I am not belittling our educators – I applaud them. It just wasn’t what was calling me.

It may have taken me a decade, but I feel myself circling back to what was tugging at my heart all those years ago. Art, creativity, paint brushes, colour, writing, texture. 

I wanted a studio, not a desk.  

It took me a decade to get really clear on something important to me. I was red wine drunk sitting on my couch in my condo for one of the last times before it sold. I was with a friend talking about my strange job restlessness when it hit me like a blinding flash of the obvious. I thought I was being really profound so I even typed up my words in my phone and quoted myself.

“I don’t want to be the one managing other people’s stuff, or critiquing other people’s work, or writing about other people’s creations.

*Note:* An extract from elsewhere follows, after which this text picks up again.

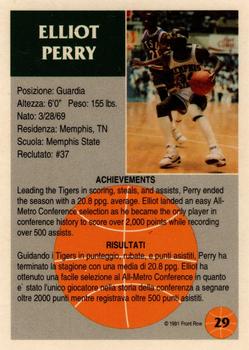1991 Front Row Italian/English - Gold #29 Elliot Perry Back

I want to be the one creating the stuff.” – Katie Tetz

I was drunk, and incredibly clear.

It’s a deceptively simple thing to want, and really easy to fall astray from.

Managing people was where the “status” and money was. I couldn’t be satisfied with being a visual merchandiser in retail; that wasn’t good enough. Writing about other people’s companies, creations, and chasing celebrity gossip – that’s where my words could pay the bills. And I couldn’t call myself a writer if I couldn’t pay my bills.

But that’s not what I truly wanted either. 

Which brings me to what spurred this rant – another Real Talk question.

IMG_5949

I’ve read a lot of good this-changed-my-life-books, but my newest favourite is Big Magic by Elizabeth Gilbert. (Eat, Pray, Love lady).

This book is a creative person’s dream.

She’s (almost) totally got me convinced to let go of the external results that can once and awhile come from a person’s creativity. She makes an amazing argument that those results are not the point. I say almost because I guarantee that if I write my book and some big mean critic tells me it’s shit, I’ll be a little upset.

Of course I like it when someone tells me they like my blog, but that validation cannot be why one makes stuff. Of course it would be great to make a living through art, but reading Big Magic left me feeling like it just doesn’t matter. And because it doesn’t matter,  I won’t feel like I’m not a “real writer” until I cash a giant book advance. I won’t feel like I can’t pick up a paint brush just because I didn’t go to art school. This book reminded me that the only way we can live a happy creative life is to do it for the love.

I’m not sure exactly what all this job envy is pointing to, but when I look at my coworker’s photography, or my cousins paintings, or when I snuck upstairs to a distant relatives art studio in Germany three summers ago…something tugs at my heart. Every time. Without fail. And while my unintentional career in retail has it’s ups and downs, the one thing I continue to love is the thing that lets me play with colour and design and texture, visual merchandising.

It’s been a decade and I can’t shake it. I like being the one creating the stuff. Period.

So as much as I wish I hadn’t listened to my art teacher’s shit career advice, I know better now. And I hope I’ve lived enough to recognize that advice next time I hear it. Of course it won’t be in those exact words, but the message is always the same: That thing you want, whatever that thing is, is only worth pursuing if it’s going to make you money.

What a lie.

I like Elizabeth Gilbert’s thinking: “We still have enough space left in our civilization for the luxuries of imagination and beauty and emotion – and even total frivolousness. Pure creativity is magnificent expressly because it is the opposite of everything else in life that’s essential or inescapable. It’s a gift. It’s the frosting. Our creativity is a wild and unexpected bonus from the universe.”

I am finishing a book this year and I bought some paint brushes a few weeks ago. If I ever sell a book or have an art show, that’s cool, and it’s also okay if those things don’t happen.

But if they do, I will most definitely be sending my old art teacher an invite.